Thanks for the information about the circumstances of the dial's
time-reading.

One more thing I should mention:

To azimuth-align the dial by adjusting it to say the time that it should
say, it isn't necessary to interpolate the dial's time-reading. You could
ask the relevant people at what approximate clock-times they'd like to
consider azimuth-aligning the dial.  Then you could calculate as follows:

1. Calculate what local true solar times correspond to those times that
they mentioned.

2, Determine and choose what whole (integer) hour true solar times (or
half-hour times, if the dial shows them and one of them is closer) are
closest to those local true solar times that you calculated in paragraph #1
above.

3. Then calculate what clock-times correspond to those times chosen in
paragraph #2 above.

On a notebook-page, write down, on separate lines, each of the clock-times
in paragraph #3 above, and next to it, on the same line, the local true
solar times chosen in paragraph #2 above.

Advise the relevant people to choose one of those listed clock-times, and,
at that time, rotate the dial so that it shows the whole or half-hour local
true solar time that is written next to it on the same line.

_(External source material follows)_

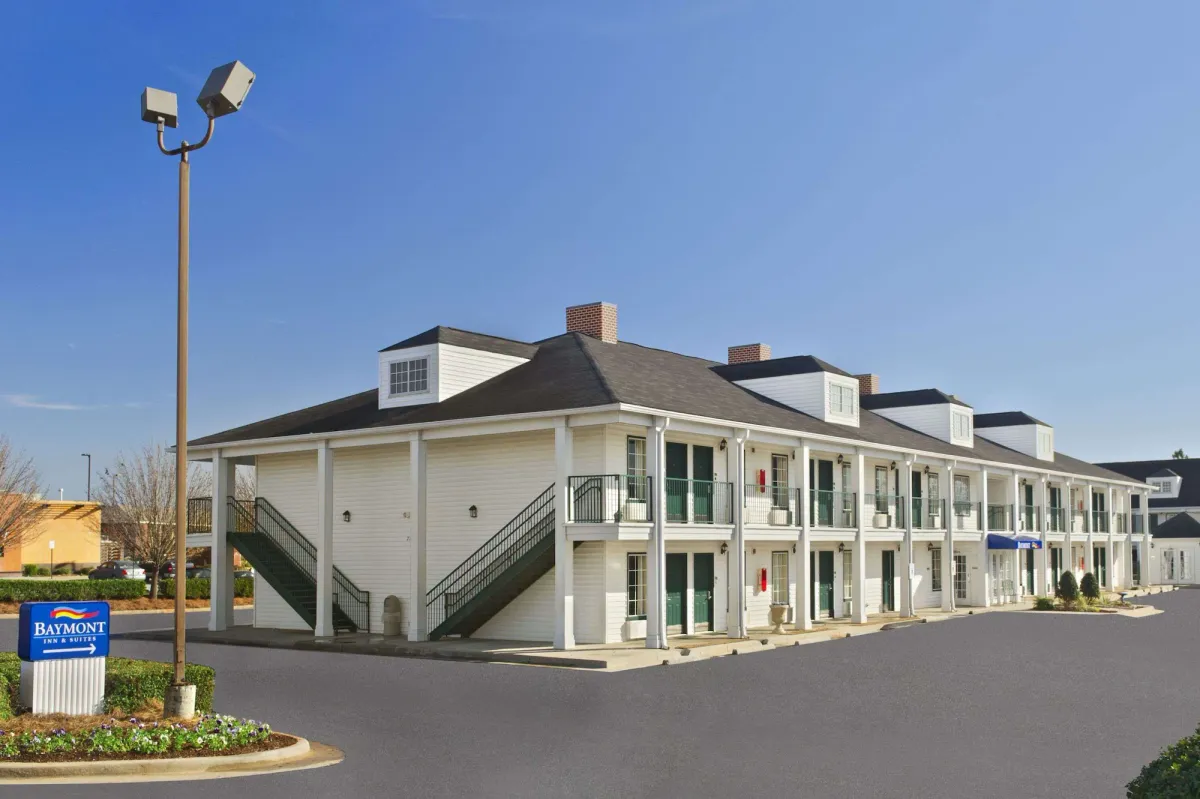 Image of Baymont by Wyndham Warner Robins
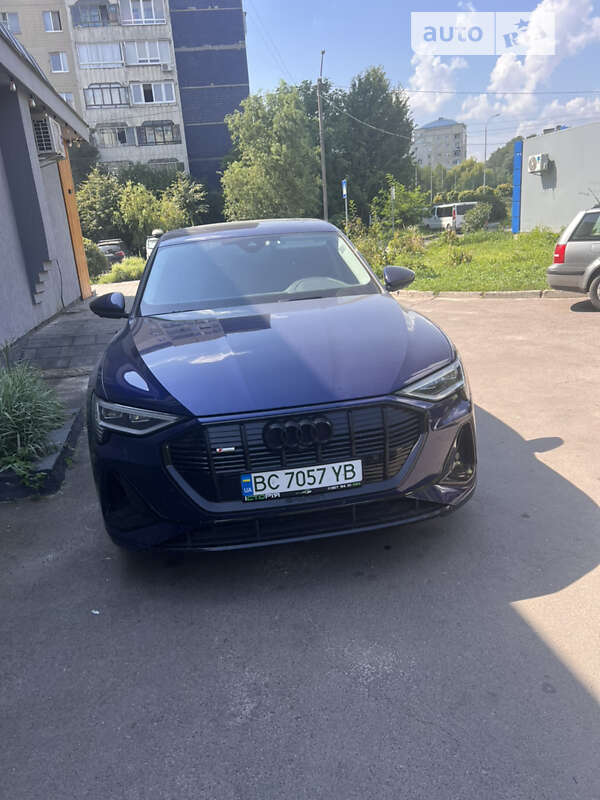 Audi E-tron (2022)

--------------------------------

And it goes without saying that any dial-time and clock-time comparisons
made for the purpose of calculating the azimuth-alignment error should be
done at times when the dial-time is such that the shadow is exactly on an
hour-line, half-hour line, quarter-hour line, 10-minute-line...or, in other
words, some line on the dial-fact.  In other words, you can and should
choose a clock-time for the comparison, at which you aren't going to have
to interpolate the dial-time.

---------------------------------

One more thing:

If two different clock-time/dial-time comparisons give different values for
the azimuth-alignment error, then that suggests that the dial has more
problems than just its azimuth-alignment.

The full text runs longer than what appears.